To explain this further, Kenneth describes how intelligence is a key factor in making effective market and business decisions since being competitive requires knowing what competitors are doing in the marketplace. Even coming up with the title to a song can be amplified by intelligence gathering techniques as that information strengthens all strategic decision-making.
‘The Fundamentals of Intelligence course really taught me how to gather human intelligence – not just as it applies to spies – but to effectively make “informed decisions” using competitive intelligence. I learned how to craft a market analysis through public information. Knowing where to look and how to search things out it essential in all areas of business.”
Kenneth then turns to the subject of his professors. Like all the other students at DMGS, Kenneth cannot help but comment on how exceptional members of DMGS’ faculty are. In his opinion,, compared to other professors who “speak much but say little,” DMGS’ professors really deliver what he calls “the bottom line of knowledge in their subjects,” adding that there is “no fluff or wordiness” as they simply and clearly present relevant information in a succinct and pertinent form.
“They have years of experience and can therefore distill down what really matters in a real work setting. They then communicate the essence of each topic in a way that sticks with the student. Educators like this are few and far between. It is amazing to be in such small classes with such great professors.”
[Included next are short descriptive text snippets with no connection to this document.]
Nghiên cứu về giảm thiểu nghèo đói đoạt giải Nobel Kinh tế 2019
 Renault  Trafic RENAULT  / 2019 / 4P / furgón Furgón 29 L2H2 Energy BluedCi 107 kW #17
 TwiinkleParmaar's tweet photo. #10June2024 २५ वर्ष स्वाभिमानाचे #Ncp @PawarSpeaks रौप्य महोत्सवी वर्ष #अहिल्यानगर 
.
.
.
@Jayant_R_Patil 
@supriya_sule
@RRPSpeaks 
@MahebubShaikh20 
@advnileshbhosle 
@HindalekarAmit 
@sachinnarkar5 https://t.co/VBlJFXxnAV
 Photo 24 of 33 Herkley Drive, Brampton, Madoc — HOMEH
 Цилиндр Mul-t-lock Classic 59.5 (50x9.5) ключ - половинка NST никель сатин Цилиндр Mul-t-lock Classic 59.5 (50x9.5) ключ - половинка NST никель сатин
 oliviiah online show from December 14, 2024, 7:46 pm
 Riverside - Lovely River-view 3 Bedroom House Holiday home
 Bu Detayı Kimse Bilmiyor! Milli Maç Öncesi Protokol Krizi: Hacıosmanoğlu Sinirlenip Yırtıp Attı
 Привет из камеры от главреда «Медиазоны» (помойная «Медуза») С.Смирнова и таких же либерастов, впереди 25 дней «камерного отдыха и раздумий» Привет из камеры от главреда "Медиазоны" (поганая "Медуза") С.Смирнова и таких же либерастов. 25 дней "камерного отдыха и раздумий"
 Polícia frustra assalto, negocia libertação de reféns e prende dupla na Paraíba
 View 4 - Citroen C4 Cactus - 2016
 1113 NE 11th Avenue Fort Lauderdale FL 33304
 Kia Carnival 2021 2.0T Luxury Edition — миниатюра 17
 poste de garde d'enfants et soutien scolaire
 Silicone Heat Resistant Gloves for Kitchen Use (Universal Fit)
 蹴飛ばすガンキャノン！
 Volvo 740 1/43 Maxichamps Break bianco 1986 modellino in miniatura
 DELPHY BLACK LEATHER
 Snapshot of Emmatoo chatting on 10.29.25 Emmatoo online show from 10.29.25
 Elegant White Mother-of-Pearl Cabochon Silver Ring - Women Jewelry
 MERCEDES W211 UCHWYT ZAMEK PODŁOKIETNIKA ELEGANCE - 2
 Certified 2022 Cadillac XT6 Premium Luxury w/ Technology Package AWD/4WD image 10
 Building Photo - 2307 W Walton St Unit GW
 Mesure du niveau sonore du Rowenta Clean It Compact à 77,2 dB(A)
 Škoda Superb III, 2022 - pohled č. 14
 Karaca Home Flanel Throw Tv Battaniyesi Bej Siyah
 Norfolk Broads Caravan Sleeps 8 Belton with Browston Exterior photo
At DMGS, one can’t help but feel the warmth and camaraderie amongst the students. This is something that Kenneth clearly feels very deeply himself.
“I also admire my fellow students who have all done such amazing things before coming here. They inspire me to up my game and it humbles me to break bread and to study alongside people who have experienced even greater challenges than I and who ensure that I always keep an open mind.”
Pressed for an example of this, Kenneth talks about a couple of his fellow students: one who is a Kurd from Iran and one from Georgia who has lived in the shadow of the Soviet Union.
Before ending the discussion, Kenneth says that he must also stress two other things: DMGS’ speaker series and the school’s founder, Abby Moffat. The events, he says, have been hugely important to the learning environment because they reinforce what students are taught in the classroom and they also provide great networking opportunities, as students have the chance to engage with a number of prominent people in their fields of interest.
In describing Abby Moffat, he recounts how much she adds to the positive culture of DMGS. Kenneth also mentions that Abby has been particularly inspiring and encouraging to him on a personal level and that has made a big difference in his life.
“Abby Moffat brings a nurturing and compassionate entrepreneur spirit to the school. Her strength, kindness and insights drive the organization, just as my grandmothers’ strengths and courage drove the successes within my own family.”